En clair, il s’agit de créer une fonction unique de responsable syndical, qui passerait la plus grande partie de son temps avec les experts de la direction, il serait donc seul face à celle-ci et de plus en plus éloigné des salariés qui le mandatent.

D’ailleurs l’alinéa 3 de cet article 2 précise « Déterminant les conditions dans lesquelles les représentants du personnel peuvent être mieux associés aux décisions de l’employeur dans certaines matières ». Ce n’est plus tout à fait la valeur première d’un représentant syndical dont la mission est de défendre les intérêts matériels et moraux, collectifs et individuels des salariés. Il s’agit plus d’une structure d’accompagnement des décisions du patron !

D’ailleurs la presse indique que : « Depuis de longues années, le Medef a demandé d’autoriser la négociation avec des élus sans étiquette. » Est-il besoin de commenter ? Le MEDEF rêve depuis toujours d’avoir à sa disposition un « syndicat maison ». Un « représentant du personnel » new-look qui représenterait en fait la volonté de l’employeur !

Ce ne serait plus le syndicat es-qualité qui négocierait ! C’est l’existence du syndicat, qui plus est un syndicat libre et indépendant, qui est menacée. Et si cela ne suffit pas, l’employeur pourrait organiser un referendum d’entreprise pour passer par-dessus les oppositions ou réticences et imposer ses vues.

Article 3 : le plafonnement des indemnités en cas de licenciement abusif, extension du contrat de chantier.

Si, malgré toutes ses embûches, le salarié avait toujours de velléités d’aller aux prud’hommes, alors il est prévu de fixer « des planchers et des plafonds des dommages et intérêts fixés par ce même code pour sanctionner ». Et enfin pour ceux qui ne seraient pas découragés, l’alinéa 6 prévoit de réduire « les délais de recours en cas de rupture du contrat de travail ».

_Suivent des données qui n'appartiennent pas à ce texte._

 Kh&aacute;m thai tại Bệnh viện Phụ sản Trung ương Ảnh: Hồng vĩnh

Plus grave encore, une nouvelle disposition non annoncée au préalable fait son apparition dans le texte soumis au Parlement. Il s’agit de l’extension du contrat dit de chantier. Cette disposition qui existait déjà dans le secteur du bâtiment et des sociétés d’études serait largement étendue. De quoi s’agit-il. On signe un CDI, mais borné dans le temps, ce qui revient très exactement à un CDD. On est embauché pour un projet, pour 6 mois, 1 an voire 2, puis le contrat arrive à son terme, en même temps que le projet. On n’a même pas à être licencié, le contrat s’achève, un point c’est tout !

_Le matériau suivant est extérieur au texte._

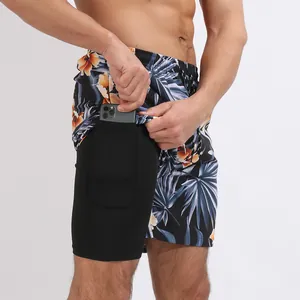Détail de la poche de téléphone intégrée sur le short de plage double couche pour homme.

Article 4 : favoriser la possibilité pour l’employeur de faire valoir son opposition à l’extension de l’accord de branche … s’il en reste un.

Article 5 : revenir sur les critères de pénibilité.

Le port de charges lourdes, le travail sur des machines vibrantes (marteau piqueur, …), le contact des produits chimiques ne seraient plus considérés comme des facteurs de pénibilité. Autant dire que, dès lors, rien ne pourrait être considéré comme pénible.

Article 7 : l’extension du travail du dimanche et de nuit

Cet article a pour but de proroger les dispositions transitoires prévues dans la loi Macron du 6 août 2015, notamment en matière de travail du dimanche, de nuit, mais également de d’Uberisation des transports en commun.

Article 9 : report du prélèvement à la source

Cette réforme est un vrai danger pour l’impôt progressif et les cotisations sociales. Ce report, pour des raisons soi-disant techniques, est en réalité destiné à réaliser la fusion de l’IR et de la CSG et le transfert de toutes les cotisations sociales sur l’impôt. C’est la disparition et le vol pur et simple du salaire différé.

Pour FO ADP, face à cette avalanche d’annonces, et en l’attente des textes définitifs il convient de rappeler nos revendications :

• Non aux ordonnances, • Non à la casse du code du travail, • Maintien de la liberté de négociation, • Non à la fusion Impôt sur le Revenu / CSG

Si le gouvernement maintenait ses visées, franchissait « les lignes rouges » selon l’expression consacrée, alors avec FO, les salariés seraient en droit de revendiquer l’abandon et le retrait de toutes les mesures. Nous resterons donc vigilants durant tout l’été. Régulièrement, FO s’engage à informer les salariés de l’état d’avancement des « discussions » et annonces gouvernementales.